Why is the core of a subgroup contained in the subgroup?

[PsychonautQQ]

Let H be a subgroup of G, then:
Core H = {a in G | a is an element of gHg^(-1) for all g in G} = The intersection of all conjugates of H in G

My book goes on to say that every element of Core H is in H itself because H is a conjugate to itself. Previously, I understood that H was a conjugate to itself because 1H1^(-1) = H, where 1 is the identity. However, the definition of Core H is the *intersection* of all conjugates, and it seems that core of H would be included in H only if gHg^(-1) = H for all g in G, (aka H is normal).
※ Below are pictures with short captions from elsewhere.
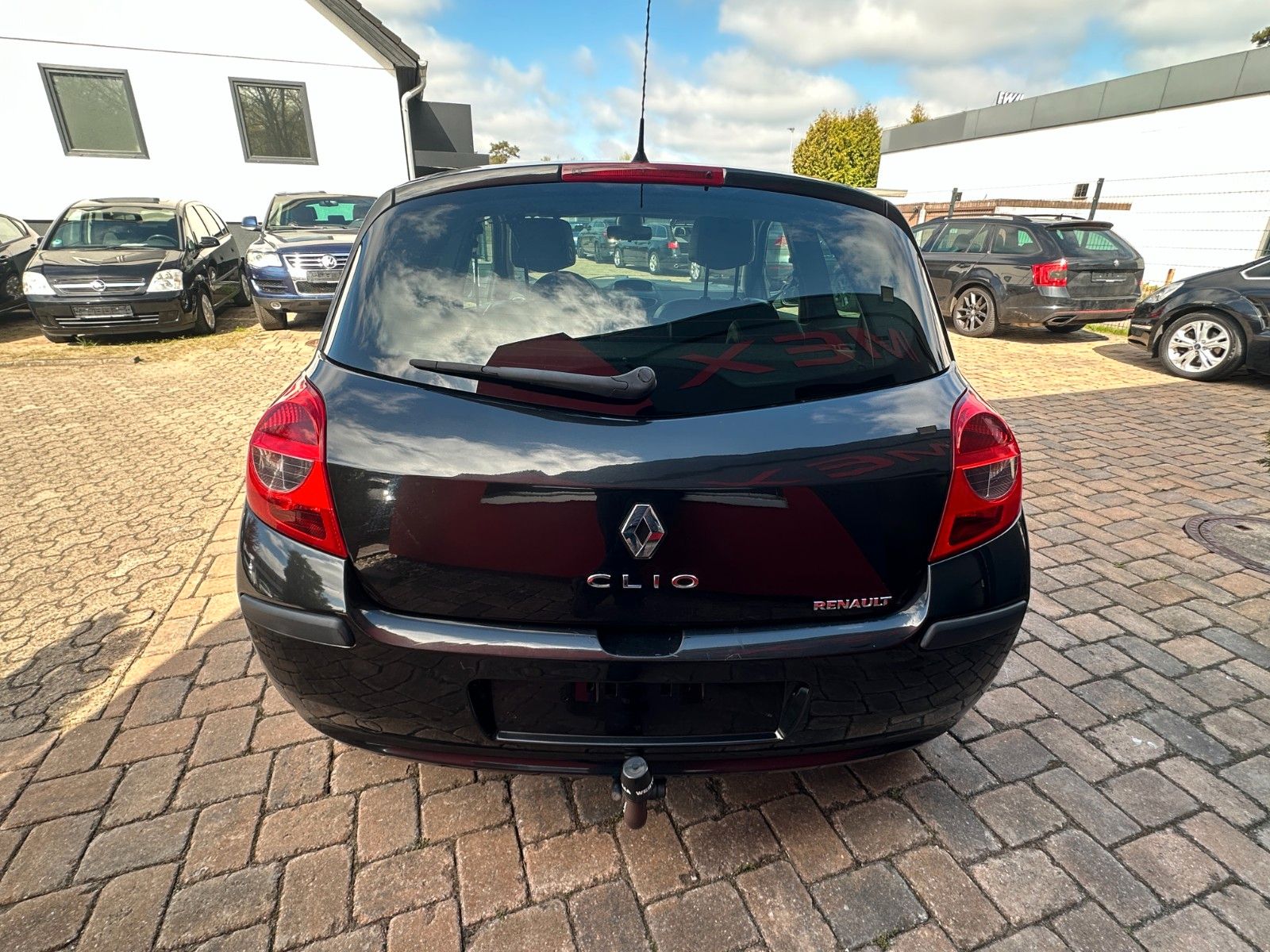 Fahrzeugabbildung Renault Clio III Exception 1.6 111 PS Tüv 11/26 Klima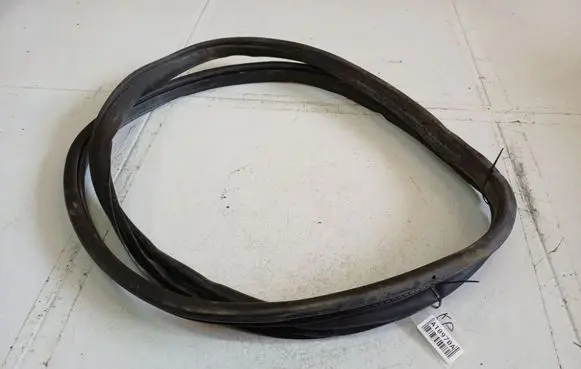 Mercedes-Benz A W169 Rubber seal front coupe door 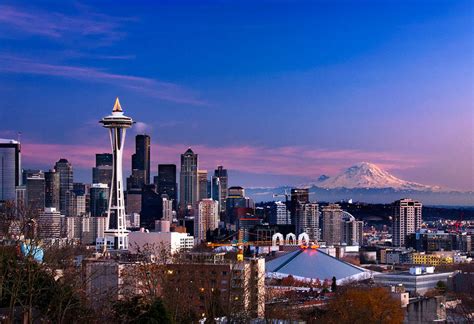 Seattle Skyline With Mount Rainier By Larrygorlin On Deviantart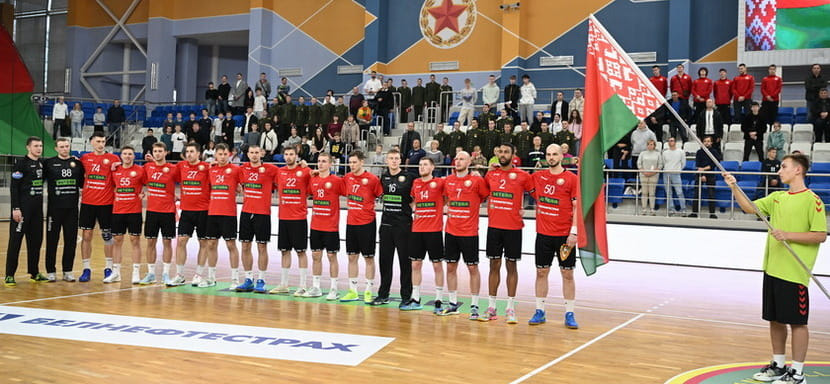 Главный тренер сборной Беларуси Юрий Шевцов вызвал 17 игроков для подготовки к январскому турниру "Кубок дружбы" в Москве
What am I not understanding here? Anyone who can shed any light what so ever is greatly appreciated.

 

[lavinia]

Let H be a subgroup of G, then:
Core H = {a in G | a is an element of gHg^(-1) for all g in G} = The intersection of all conjugates of H in G

My book goes on to say that every element of Core H is in H itself because H is a conjugate to itself. Previously, I understood that H was a conjugate to itself because 1H1^(-1) = H, where 1 is the identity. However, the definition of Core H is the *intersection* of all conjugates, and it seems that core of H would be included in H only if gHg^(-1) = H for all g in G, (aka H is normal).

What am I not understanding here? Anyone who can shed any light what so ever is greatly appreciated.

The intersection of all of the conjugates must be in H since H is one of the conjugates. For instance, the identity element is in the intersection of all of the conjugates.

 

[PsychonautQQ]

I understand the identity element is in the intersection of all of the conjugates, but how would you prove that an arbitrary h in H is in the intersection?

 

[lavinia]

I understand the identity element is in the intersection of all of the conjugates, but how would you prove that an arbitrary h in H is in the intersection?

Not all of the elements of H are in the intersection - in general.

For instance take the group with two generators a and b with the relation
$a^2 = b^4 = 1$
$aba = b^3$

$a$ generates a subgroup,$H$, of order 2.

$H = {a,1}$

$bHb^{-1} = bab^{-1}, 1$

but
$bab^{-1} = bab^{3} = ab^{2}$

So a is not in the core of H

 

[PsychonautQQ]

Wow thanks, that really helps. Can you prove why anything in the core is also in H?

 

[lavinia]

Wow thanks, that really helps. Can you prove why anything in the core is also in H?

I misread your question. Below I am explaining why not all of H need be in the core.

Well the identity always is. But after that there are no guarantees. If H is a normal subgroup then all of H is in the core. In the example I gave - which BTW is the dihedral group of order 8 - I purposefully chose a not normal subgroup.

Try to come up with and example where the core of H is greater that the identity element but not all of H.

 

[lavinia]

Sorry I misread your question. I was saying that not all of H needs to be in the core. The reason that the core must be contained in H is that His one of the sets in the intersection. So if isn't in H it is not in the core.